In the area of relations with other churches, Paavali's actions in coming closer to the Roman Catholic Church included the granting of permission in the late 1960s for the Roman Catholic Church in Finland to use Orthodox churches for its services. Paavali also encountered a few serious problems. The first occurred in 1978, when the archbishop wished to invite the head of the Orthodox Church in America, Metropolitan Theodosius (in office 1977 -), to celebrations marking the 60th anniversary of the Finnish church. The church in question had formerly been subject to the Patriarchate of Moscow, and the Ecumenical Patriarch of Constantinople did not recognise the independence granted by Moscow to the American church in 1970. Thus Constantinople persuaded Paavali to cancel Theodosius' visit. In the Finnish church, this aroused a certain amount of opposition, as well as the idea of complete independence - autocephaly. Requests for this began to be made to Constantinople, but instead of this, the diocesan division of the Finnish church was reformed through the establishment of a third diocese - Oulu. The reform was a step in the direction of autocephaly, since a completely independent Orthodox church must have at least three diocesan bishops. Since the foundation of the third diocese, there has been no public discussion of autocephaly.

A second difficult - and still unresolved - problem resulted from the acceptance of women pastors in the Finnish Lutheran Church.

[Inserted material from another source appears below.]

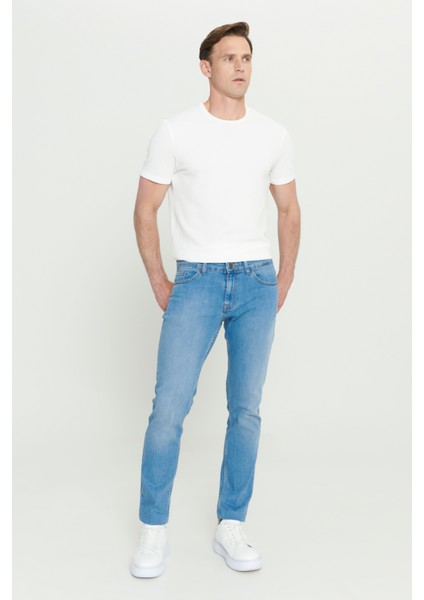 Slim Fit Dar Kesim 5 Cep Esnek Denim Jean Kot Pantolon fırsatları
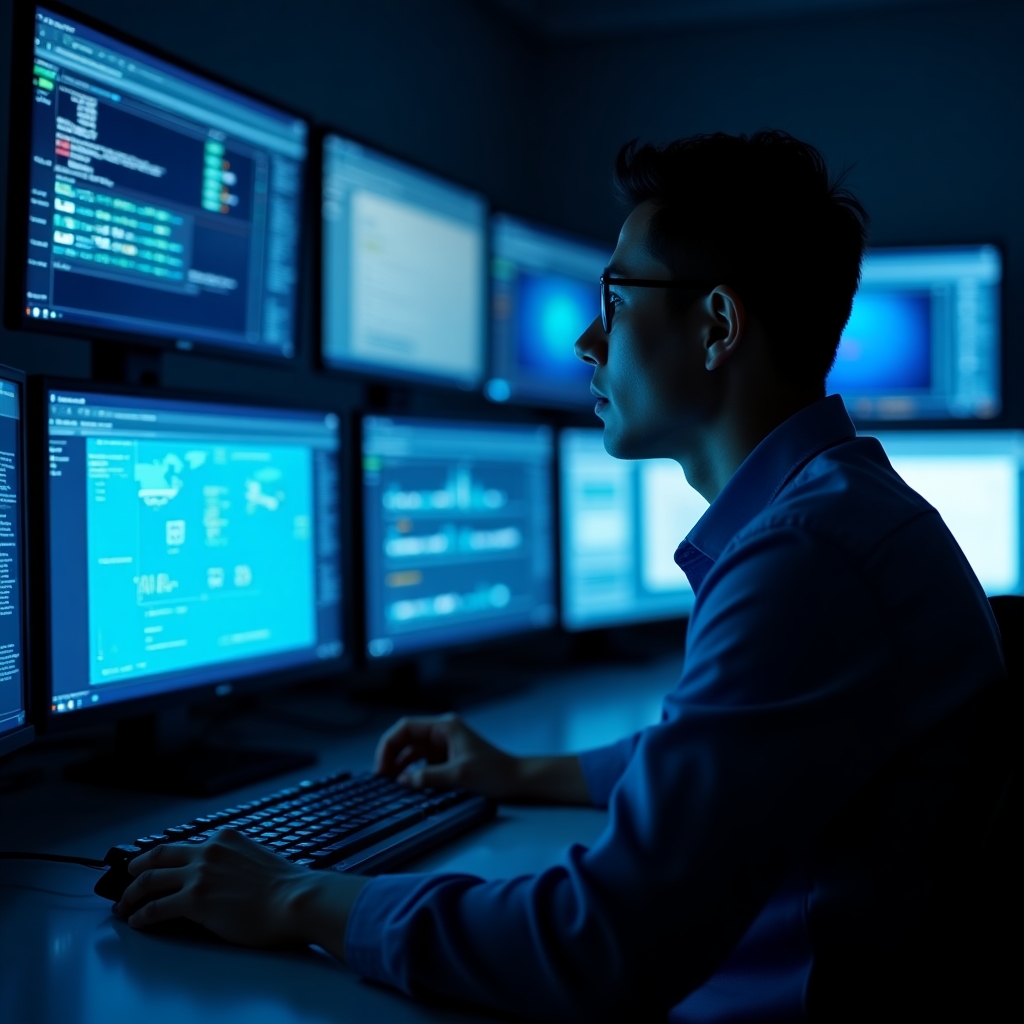 Centro de monitoreo de seguridad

In a statement issued on 26 May 1986, immediately after this event, the Bishops' Conference of the Finnish Orthodox Church announced, amongst other things: "Until now we have been able, in a spirit of brotherhood, to hold discussions [with the Lutheran Church] on doctrine, [and] even on the difference of our views on the nature of priesthood, in the hope that our views might come closer to each other... The open approval of women as priests violates this... common ground and, at least in this respect, removes the basis for 'doctrinal discussions' as a factor promoting unity." In general, however, the issue of female clergy has not constituted a barrier to ecumenical events and other practical forms of co-operation between the churches.

Nevertheless, the shift away from the status of a national church towards a more clearly Orthodox position did mean a certain degree of estrangement from a homogenous Finnish culture. As defined by Paavali, an Orthodox church could not unreservedly approve of features of Western society which were not in harmony with the sort of Christian faith developed by an undivided Christendom - i.e. in roughly the first millennium of Christianity. One such feature is democracy. In Paavali's opinion it was not a bad thing as such - on the contrary; but if it did not recognise God's authority, it was not suited to the Church.

Paavali did not lay emphasis on differences between, for example, Orthodoxy and Lutheranism. But such differences do exist, and they give the Orthodox Church an identity of its own - one that diverges from those of other Christian churches. This strengthening of the Finnish Orthodox Church's sense of identity is Paavali's greatest single achievement.

Teuvo Laitila

Translated by Roderick Fletcher

Appendix

Georgi Gusev, from 1919 Yrjö Olmari, born 28.8.1914 St. Petersburg, died 2.12.1988 Kuopio. Parents: Alvi Olmari (Gusev), born 1871, died 1932, and Anna Vodomenski, born 1874, died 1963.